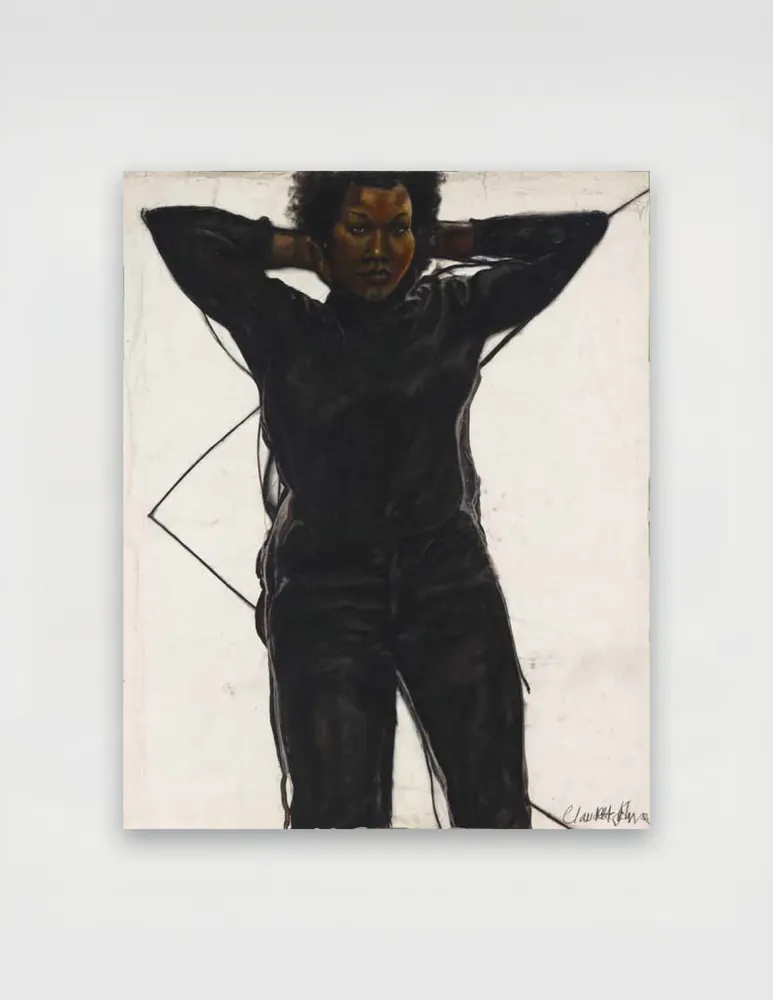 Claudette Johnson, Trilogy (Part Two) Woman in Black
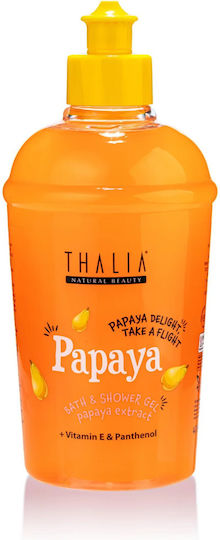 Thalia Αφρόλουτρο σε Gel & Άρωμα Τροπικά Φρούτα 400ml
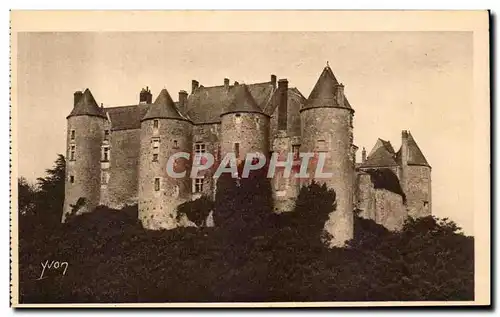 Cartes postales La Douce France Chateaux De La Loire Chateau de Luynes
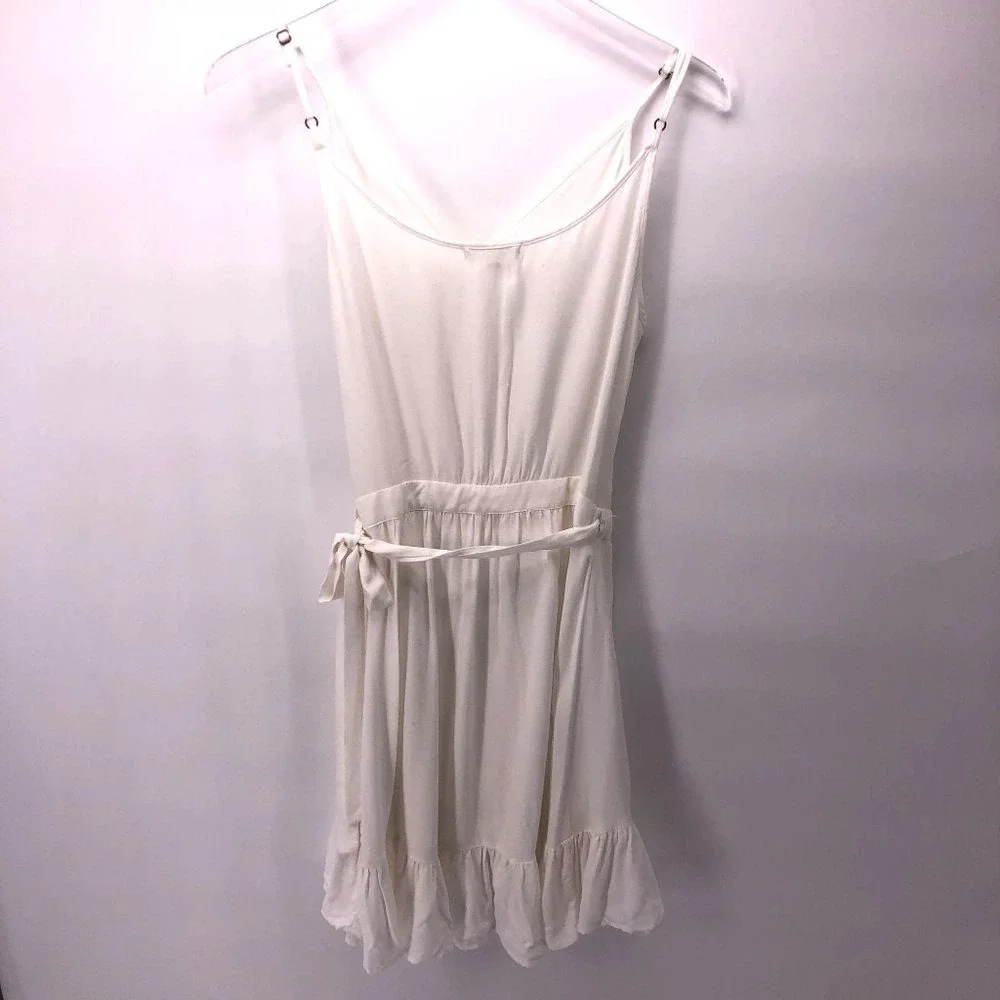 Small White‎ Sun Mini Dress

WHAT IS EXPECTED
Once the pictures are set aside, transcribe the remaining lines above exactly.

ANSWER
 Claudette Johnson, Trilogy (Part Two) Woman in Black
 Thalia Αφρόλουτρο σε Gel & Άρωμα Τροπικά Φρούτα 400ml
 Cartes postales La Douce France Chateaux De La Loire Chateau de Luynes
 Small White‎ Sun Mini Dress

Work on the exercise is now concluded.